In [None]:
# Cell 1: Load Libraries and Read Data from Excel File
# Import necessary libraries
import pandas as pd
import numpy as np

# Define the file name (must match the file name uploaded to Colab)
excel_file = 'Manufacturing_Line_Productivity.xlsx'

# Read the four sheets from the Excel file into separate DataFrames
try:
    df_details = pd.read_excel(excel_file, sheet_name='Line productivity')
    df_products = pd.read_excel(excel_file, sheet_name='Products')
    df_factors = pd.read_excel(excel_file, sheet_name='Downtime factors')
    df_downtime = pd.read_excel(excel_file, sheet_name='Line downtime')

    print("All four sheets loaded successfully!")
    print(f"Details shape: {df_details.shape}")

except ValueError as e:
    print(f"Error reading sheets: {e}. Please ensure sheet names are exact.")

All four sheets loaded successfully!
Details shape: (38, 6)


In [None]:
# Cell 2: Cleaning and Preprocessing Batch Details (df_details) - FINAL ROBUST TIME FIX

import datetime as dt

# Reload df_details to ensure 'Date', 'Start Time', 'End Time' columns are present
# This is necessary if the cell has been run before and these columns were dropped.
df_details = pd.read_excel(excel_file, sheet_name='Line productivity')

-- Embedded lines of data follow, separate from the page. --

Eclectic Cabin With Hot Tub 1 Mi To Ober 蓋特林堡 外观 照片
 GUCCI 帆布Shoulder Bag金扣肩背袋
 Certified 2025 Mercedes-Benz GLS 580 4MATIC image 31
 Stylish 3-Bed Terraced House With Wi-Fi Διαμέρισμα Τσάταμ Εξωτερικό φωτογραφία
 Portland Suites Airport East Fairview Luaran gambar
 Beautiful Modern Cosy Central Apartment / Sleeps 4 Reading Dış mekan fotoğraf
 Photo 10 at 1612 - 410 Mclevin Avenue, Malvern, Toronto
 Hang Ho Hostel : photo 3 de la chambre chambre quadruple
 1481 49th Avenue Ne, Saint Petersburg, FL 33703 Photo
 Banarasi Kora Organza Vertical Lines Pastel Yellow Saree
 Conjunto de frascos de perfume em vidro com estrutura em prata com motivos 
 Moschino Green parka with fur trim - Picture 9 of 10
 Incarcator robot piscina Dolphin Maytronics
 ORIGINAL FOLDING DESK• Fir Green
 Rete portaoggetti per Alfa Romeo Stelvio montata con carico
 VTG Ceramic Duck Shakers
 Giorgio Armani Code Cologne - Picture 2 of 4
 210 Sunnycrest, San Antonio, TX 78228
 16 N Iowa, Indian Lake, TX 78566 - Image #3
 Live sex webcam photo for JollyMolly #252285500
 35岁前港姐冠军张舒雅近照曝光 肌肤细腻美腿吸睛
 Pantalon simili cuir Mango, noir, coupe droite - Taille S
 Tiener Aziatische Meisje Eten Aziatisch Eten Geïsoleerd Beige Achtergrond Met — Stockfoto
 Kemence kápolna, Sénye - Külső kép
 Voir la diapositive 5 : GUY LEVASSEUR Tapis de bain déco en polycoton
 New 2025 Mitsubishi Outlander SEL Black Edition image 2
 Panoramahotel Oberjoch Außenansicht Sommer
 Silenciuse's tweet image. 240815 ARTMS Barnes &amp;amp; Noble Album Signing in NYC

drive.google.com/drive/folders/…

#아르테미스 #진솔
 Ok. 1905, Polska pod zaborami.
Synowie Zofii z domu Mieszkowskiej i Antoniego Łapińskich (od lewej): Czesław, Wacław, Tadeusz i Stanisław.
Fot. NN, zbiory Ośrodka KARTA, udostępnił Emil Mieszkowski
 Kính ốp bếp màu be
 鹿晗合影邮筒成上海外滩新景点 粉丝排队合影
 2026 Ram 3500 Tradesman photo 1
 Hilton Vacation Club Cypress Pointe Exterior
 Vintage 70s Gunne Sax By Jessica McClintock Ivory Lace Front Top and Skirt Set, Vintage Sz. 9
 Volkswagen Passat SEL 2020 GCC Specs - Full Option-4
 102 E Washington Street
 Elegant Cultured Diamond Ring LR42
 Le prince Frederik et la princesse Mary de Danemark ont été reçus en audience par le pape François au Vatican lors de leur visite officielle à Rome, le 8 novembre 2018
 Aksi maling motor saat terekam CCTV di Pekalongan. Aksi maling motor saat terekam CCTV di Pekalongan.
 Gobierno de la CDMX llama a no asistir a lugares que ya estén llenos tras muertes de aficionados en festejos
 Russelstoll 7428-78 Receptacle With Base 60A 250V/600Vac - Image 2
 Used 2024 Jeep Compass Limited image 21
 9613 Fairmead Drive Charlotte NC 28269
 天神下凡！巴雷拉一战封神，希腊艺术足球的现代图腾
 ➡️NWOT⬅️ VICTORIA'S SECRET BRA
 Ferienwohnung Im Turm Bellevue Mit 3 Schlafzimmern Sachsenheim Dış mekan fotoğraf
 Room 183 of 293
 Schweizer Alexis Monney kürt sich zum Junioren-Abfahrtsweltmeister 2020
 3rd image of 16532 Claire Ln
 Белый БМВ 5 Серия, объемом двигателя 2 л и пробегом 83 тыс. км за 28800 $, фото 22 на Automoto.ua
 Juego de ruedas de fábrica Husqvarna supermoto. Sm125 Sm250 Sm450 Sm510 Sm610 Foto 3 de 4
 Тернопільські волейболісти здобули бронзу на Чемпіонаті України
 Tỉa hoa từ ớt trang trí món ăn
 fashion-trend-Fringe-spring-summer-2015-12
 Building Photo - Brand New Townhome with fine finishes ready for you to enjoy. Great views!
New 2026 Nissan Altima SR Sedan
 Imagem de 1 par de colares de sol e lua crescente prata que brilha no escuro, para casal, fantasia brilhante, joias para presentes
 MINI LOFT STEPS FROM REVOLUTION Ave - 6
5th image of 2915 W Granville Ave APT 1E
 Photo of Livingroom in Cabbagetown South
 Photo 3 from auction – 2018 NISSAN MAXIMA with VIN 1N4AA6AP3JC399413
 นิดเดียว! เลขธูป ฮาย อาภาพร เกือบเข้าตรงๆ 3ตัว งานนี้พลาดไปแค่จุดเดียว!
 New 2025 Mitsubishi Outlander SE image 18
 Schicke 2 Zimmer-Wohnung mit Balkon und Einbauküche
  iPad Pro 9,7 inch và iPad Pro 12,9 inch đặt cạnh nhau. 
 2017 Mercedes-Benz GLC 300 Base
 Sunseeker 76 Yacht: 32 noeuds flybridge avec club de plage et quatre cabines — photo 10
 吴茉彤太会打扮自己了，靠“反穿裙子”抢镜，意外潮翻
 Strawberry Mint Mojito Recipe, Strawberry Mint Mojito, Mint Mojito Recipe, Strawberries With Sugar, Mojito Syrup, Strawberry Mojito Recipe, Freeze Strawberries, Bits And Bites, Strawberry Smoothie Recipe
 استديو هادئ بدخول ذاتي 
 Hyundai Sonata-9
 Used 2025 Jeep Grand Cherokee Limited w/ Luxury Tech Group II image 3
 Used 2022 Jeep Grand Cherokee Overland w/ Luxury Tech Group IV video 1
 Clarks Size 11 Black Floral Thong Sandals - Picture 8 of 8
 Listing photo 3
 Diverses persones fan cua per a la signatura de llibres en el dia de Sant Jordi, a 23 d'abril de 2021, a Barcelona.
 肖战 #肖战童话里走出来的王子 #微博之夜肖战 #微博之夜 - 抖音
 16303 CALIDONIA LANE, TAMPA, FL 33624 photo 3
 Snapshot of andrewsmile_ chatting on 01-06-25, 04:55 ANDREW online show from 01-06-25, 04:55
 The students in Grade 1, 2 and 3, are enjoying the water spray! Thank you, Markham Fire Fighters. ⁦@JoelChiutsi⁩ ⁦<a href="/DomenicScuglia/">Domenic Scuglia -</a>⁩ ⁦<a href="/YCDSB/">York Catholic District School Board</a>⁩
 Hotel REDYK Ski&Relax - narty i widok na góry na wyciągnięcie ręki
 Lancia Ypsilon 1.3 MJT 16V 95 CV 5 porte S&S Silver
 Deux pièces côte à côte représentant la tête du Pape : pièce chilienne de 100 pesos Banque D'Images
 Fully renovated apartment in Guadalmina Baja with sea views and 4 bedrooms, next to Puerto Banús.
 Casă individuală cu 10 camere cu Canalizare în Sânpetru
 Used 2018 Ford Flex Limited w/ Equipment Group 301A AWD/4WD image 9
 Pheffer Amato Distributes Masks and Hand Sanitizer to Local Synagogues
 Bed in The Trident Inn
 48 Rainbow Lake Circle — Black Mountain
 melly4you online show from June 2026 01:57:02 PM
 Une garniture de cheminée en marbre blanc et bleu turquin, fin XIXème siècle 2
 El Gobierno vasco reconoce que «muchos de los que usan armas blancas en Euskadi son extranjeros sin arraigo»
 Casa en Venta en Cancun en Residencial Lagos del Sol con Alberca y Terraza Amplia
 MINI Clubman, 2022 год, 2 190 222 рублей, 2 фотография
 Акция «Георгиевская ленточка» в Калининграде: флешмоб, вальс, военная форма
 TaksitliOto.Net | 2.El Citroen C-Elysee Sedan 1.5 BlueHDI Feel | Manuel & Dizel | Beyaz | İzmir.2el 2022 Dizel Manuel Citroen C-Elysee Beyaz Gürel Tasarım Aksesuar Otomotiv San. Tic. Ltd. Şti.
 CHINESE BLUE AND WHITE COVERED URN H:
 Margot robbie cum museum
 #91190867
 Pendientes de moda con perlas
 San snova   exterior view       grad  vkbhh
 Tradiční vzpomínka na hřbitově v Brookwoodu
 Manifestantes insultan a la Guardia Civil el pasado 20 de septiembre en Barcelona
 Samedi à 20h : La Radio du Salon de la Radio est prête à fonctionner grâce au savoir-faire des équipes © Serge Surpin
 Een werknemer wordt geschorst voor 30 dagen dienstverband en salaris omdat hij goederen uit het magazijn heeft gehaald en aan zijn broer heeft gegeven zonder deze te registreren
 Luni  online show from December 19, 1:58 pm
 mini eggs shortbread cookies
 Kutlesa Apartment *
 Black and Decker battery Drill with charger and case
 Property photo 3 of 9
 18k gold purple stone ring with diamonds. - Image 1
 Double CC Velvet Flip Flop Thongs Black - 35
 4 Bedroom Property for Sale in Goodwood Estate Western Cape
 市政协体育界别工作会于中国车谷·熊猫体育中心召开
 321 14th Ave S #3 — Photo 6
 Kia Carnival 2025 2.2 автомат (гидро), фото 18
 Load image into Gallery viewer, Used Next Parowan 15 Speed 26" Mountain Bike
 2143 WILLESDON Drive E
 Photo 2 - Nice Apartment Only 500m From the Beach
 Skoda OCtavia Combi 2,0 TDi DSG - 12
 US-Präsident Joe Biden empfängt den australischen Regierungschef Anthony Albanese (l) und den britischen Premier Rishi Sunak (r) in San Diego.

# Function to robustly parse time values, handling Excel floats, strings, and datetime.time objects
def parse_time_component(value):
    if pd.isna(value):
        return pd.NaT
    if isinstance(value, (int, float)): # Excel time values are often floats (fraction of a day)
        # Convert fraction of a day to timedelta, then extract the time part
        return (pd.Timestamp('1900-01-01') + pd.to_timedelta(value, unit='D')).time()
    # If it's already a datetime.time object (from read_excel directly)
    if isinstance(value, dt.time):
        return value
    # If it's a pandas Timestamp object, extract its time
    if isinstance(value, pd.Timestamp):
        return value.time()
    # Otherwise, treat as a string and try to parse it
    try:
        # Use pandas to_datetime for string parsing, then get the time
        return pd.to_datetime(str(value), errors='coerce').time()
    except AttributeError: # .time() fails if pd.to_datetime(str(value), errors='coerce') results in NaT
        return pd.NaT
    except Exception: # Catch any other unexpected errors during parsing
        return pd.NaT

# 1. Prepare Product and Factor tables (renaming for merging)
df_factors = df_factors.rename(columns={'Factor': 'Factor ID', 'Description': 'Factor Description', 'Operator Error': 'Is Operator Error'})
df_products = df_products.rename(columns={'Min batch time': 'Min Batch Duration (min)'})
df_factors['Factor ID'] = df_factors['Factor ID'].astype(int)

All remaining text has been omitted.